3. Decision logic. Based on the decision setting:
unanimous— All models must agree above the threshold. Strictest mode.majority— A majority of models must agree above the threshold. More tolerant of one outlier.
If consensus is reached, the response from the highest-ranked model is returned. If not, the on_disagreement action fires.
Making a Consensus Request
Add the X-Stockyard-Consensus header to any chat completion request:
curl http://localhost:4200/v1/chat/completions \
-H "Authorization: Bearer $OPENAI_API_KEY" \
-H "X-Stockyard-Consensus: medical-verification" \
-H "Content-Type: application/json" \
-d '{
"model": "gpt-4o",
"messages": [{"role": "user", "content": "Is ibuprofen safe to take with warfarin?"}]
}'
The model field in the request body is ignored when consensus is active — the config's model list takes precedence.
Tuning the Threshold
The threshold value controls how similar responses must be to count as agreement:
| Threshold | Behavior | Use Case |
|---|---|---|
0.95 | Near-identical responses required | Factual lookups, yes/no answers |
0.85 | Same meaning, different wording OK | Medical advice, financial analysis |
0.70 | Broadly similar conclusions | Creative tasks, summaries |
0.85 and adjust based on your disagreement rate. Check /api/consensus/stats to see how often consensus fails for a given config.Cost Implications
Consensus multiplies your per-request cost by the number of models in the config. A 3-model consensus config costs approximately 3x per request. For most teams, this is reserved for high-stakes paths — not every request.
Strategies to manage cost:
- Use consensus only on specific routes or prompt categories
- Mix expensive and cheap models (e.g., GPT-4o + two smaller models)

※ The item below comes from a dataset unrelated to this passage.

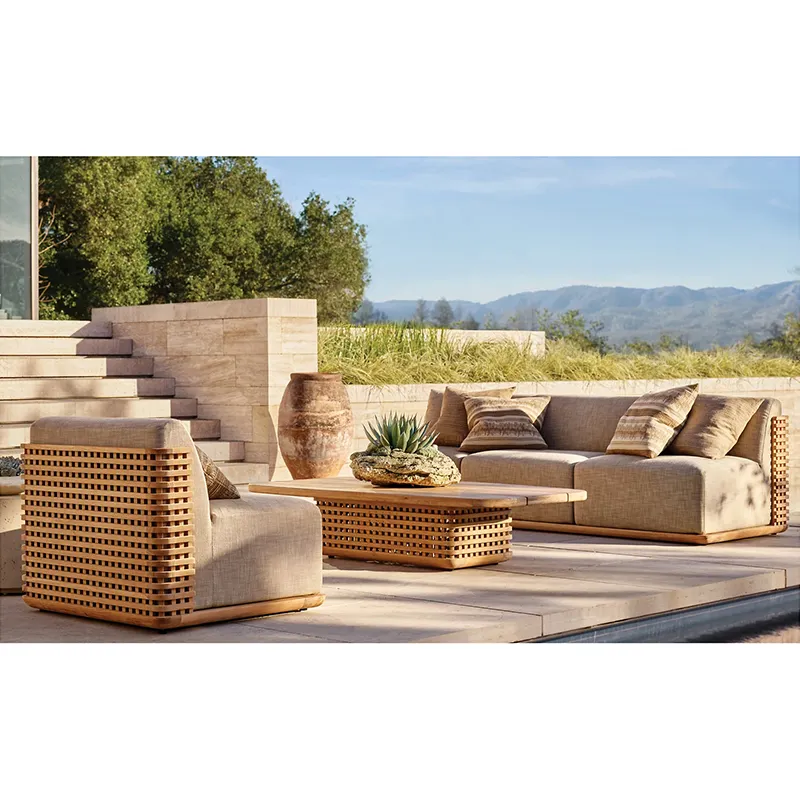 Thiết kế mới sân sau sàn vườn sofa đặt khách sạn Patio sang trọng rắn gỗ tếch đồ nội thất ngoài trời ghế 1 2 3 chỗ ngồi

- Enable caching — repeated identical prompts only trigger consensus once
- Set a
costcapmodule limit to prevent runaway spend
API Endpoints
| Method | Endpoint | Description |
|---|---|---|
| GET | /api/consensus/configs | List all consensus configurations |
| POST | /api/consensus/configs | Create a new consensus config |
| GET | /api/consensus/configs/:id | Get a specific config by ID |
| PUT | /api/consensus/configs/:id | Update an existing config |
| DELETE | /api/consensus/configs/:id | Delete a config |
| GET | /api/consensus/stats | Agreement rates and latency stats |
| GET | /api/consensus/history | Recent consensus decisions with details |
Example: Medical Chatbot
A medical chatbot needs to verify drug interaction answers before showing them to patients. Here is the full setup:
# 1. Create the consensus config curl -X POST http://localhost:4200/api/consensus/configs \ -H "Authorization: Bearer sy_admin_..." \ -H "Content-Type: application/json" \ -d '{ "name": "drug-interactions", "models": ["gpt-4o", "claude-sonnet-4-20250514", "gemini-1.5-pro"], "threshold": 0.90, "decision": "unanimous", "on_disagreement": "reject", "timeout_ms": 15000 }' # 2. Send a verified request curl http://localhost:4200/v1/chat/completions \ -H "Authorization: Bearer $OPENAI_API_KEY" \ -H "X-Stockyard-Consensus: drug-interactions" \ -d '{ "model": "gpt-4o", "messages": [ {"role": "system", "content": "You are a pharmacist assistant."}, {"role": "user", "content": "Can I take ibuprofen with warfarin?"} ] }' # 3. Check consensus stats curl http://localhost:4200/api/consensus/stats?config=drug-interactions \ -H "Authorization: Bearer sy_admin_..."
{
"config": "drug-interactions",
"total_requests": 1247,
"consensus_reached": 1198,
"consensus_rate": 0.961,
"avg_latency_ms": 2840,
"disagreements": 49,
"avg_similarity": 0.93
}
With a 96% consensus rate, the system catches the 4% of responses where models disagree — exactly the cases most likely to contain errors.